Example start and end date discovery on county 17 stage 2 data

Fig. 6
figure 6

Transitions of county 17 through stages 1 to 3

As mentioned earlier, only nine counties arrived at stage 4 in the original implementation trial. By checking the predicted stage label, we found that 7 of the 31 counties that had yet to reach stage 4 contained a log for which our classifier asserted at least one log note was classified in stage 4. This results in an error rate of 7/31=22.6 % for stage 4 classification.

Transitions between states over time

To represent how changes occur over time in a single county, one can imagine generating Markov chain models for state transitions relying upon stage classifiers.

Table 2 shows the confusion matrix generated using 120 samples covering stages 1–4. Overall accuracy is 83.3 %. While the accuracy in stages 3 and 4 appear lower than the other two, the performance on the first two appear high.

Table 2 Confusion matrix

Ideally, these models produce estimates of remaining in a state or transitioning to another. Figure 7 shows widely different patterns of transition for two counties. County 1 is more likely than County 23 to remain in stage 1, based on its higher probability of 0.67 of remaining in stage 1 compared to that of County 23.

Fig. 7
figure 7

Transitions between stages for two counties using Markov modeling


For this proof of concept, we developed a computational approach for monitoring transitions of a health delivery system through identified stages of implementation. It relies on text information that can be collected readily and used to provide feedback at appropriate levels from front line clinicians and facilitators to agency managers and to funding agencies. A novel semi-supervised machine learning algorithm was developed that used as input two types of information; the first involved text descriptions of each stage and the second consisted of log notes from an intermediary in which some were coded by a human expert. We provided brief illustrations of how such information could be used to provide summaries of implementation progress involving single sites or comparisons of sites. Quantitatively, the accuracy of these automated classifications has reached acceptable levels for a range of uses that we explored in the results section.

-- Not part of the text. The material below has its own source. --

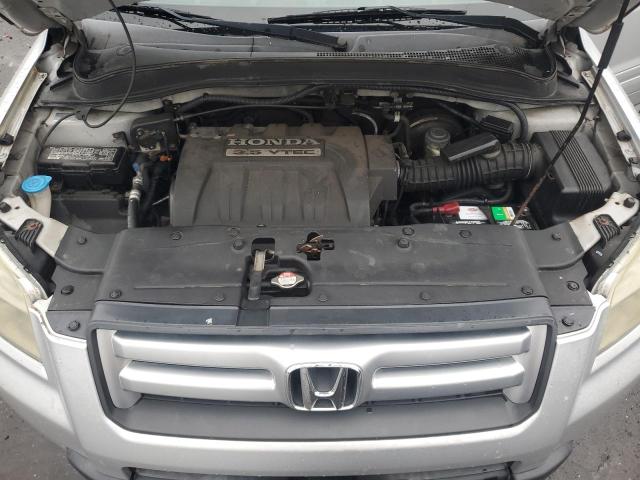 Photo 12 from auction – 2006 HONDA PILOT LX with VIN 5FNYF18136B023626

We recognize that some uses would likely require more accurate classifications. In particular, our over-projection of counties to have reached stage 4 suggests that in real applications, there would need to be a tuning of the algorithm that takes into account to relative costs of omitted and committed classification errors. There are many possibilities for improving accuracy that we have not investigated yet. For example, our classifications of each log note are all done independently; combining the classifications across a proximal series of such notes can provide improved decision making, as we have demonstrated in another automated implementation project (Li, Y, Gallo, CG, Mehrotra, S, Liu, L, Brown, CH, Recognizing emotion in speech for behavioral intervention studies, submitted). Furthermore, we have developed a general concept for using a long series of unobtrusive or lower quality measures involving complex human interactions and behaviors in place of highly accurate but costly measures observed by humans. These methodological approaches fall under the name of social systems informatics and can readily outperform human coding when large amounts of automatically coded data are available (Gallo, CG, Berkel, C, Mauricio, A, Sandler, I, Smith, JD, Villamar, JA, Brown, CH, Implementation Methodology from a Systems-Level Perspective: An Illustration of Redesigning the New Beginnings Program, in preparation).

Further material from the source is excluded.